Maryland, Virginia and District of Columbia Art
by Ann Erskine
Community Artist-Mary Ferguson
Baltimore is a city straining to grow. Tourism is rising, young professionals are moving in and renovating old rowhouses, and large corporations are discovering the thriving downtown area of the city. However, in the shadows of attractions like Camden Yards, Raven Stadium, and Harborplace, there are neighborhoods filled with vacant buildings, drug dealers and frustrated residents yearning for renewed pride and identity. Recently, some of those neighborhoods have experienced the ignition they needed through the help of a community artist.
Mary
Cafagno Ferguson is a neighborhood activist and co-founder of the Woman's
Mural Project. Through an 18-month, $48,750 "community fellowship"
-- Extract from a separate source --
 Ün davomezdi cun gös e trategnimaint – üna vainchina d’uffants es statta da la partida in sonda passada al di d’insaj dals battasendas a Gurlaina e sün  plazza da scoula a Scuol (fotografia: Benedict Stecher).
from the Open Society Institute-Baltimore, a branch of billionaire George
Soros' philanthropy, she arrived in a needy neighborhood and helped to revitalize
it with her brush and her easy manner. An area filled with red brick rowhouses,
Pigtown has people anxious to welcome and help a muralist. (left:
l to r: Marquis Eddy, Ellie Turner, A.J., Davon Baker, Tavon Jones, J. R.
Carroll)
Mary
spent several months creating the first mural which is a tribute to the
neighborhood horseshoe pit where three elderly gentlemen have gathered for
years to pitch horseshoes and trade gossip. During her work, residents would
gather to watch, to talk and even to pick up a brush and help. The finished
piece is a source of beauty and comfort for the neighborhood. (left:
Marquis Eddy paints faux lace curtain on boarded window)
Her second project for the neighborhood involved the local
elementary school. Working with the school's art teacher, Mary help students
paint their images of an ideal city on wood boards which
were then
hung in the window spaces of a nearby vacant building. Following this, Mary
and a social worker for a school-based mental health program helped middle
school students rejuventate their cafeteria by painting a border of tiles
around the perimeter of the room. Their designs ranged from cartoon characters
to CD covers for popular musical groups. These projects led to another mural
on the side of a corner row house. That mural is a depiction of a rowhouse
painted in soothing shadows on a summer evening, surrounded by flowers and
greenery. (right: J. R. Carroll, A.J. and Tavon Jones)
Mary's current efforts target a bridge that connects the Maryland Institute College of Art with an older, faded neighborhood in the city. She hopes to unite students from the college and local graffiti artists in painting the bridge. The project itself would actually bridge two very different worlds.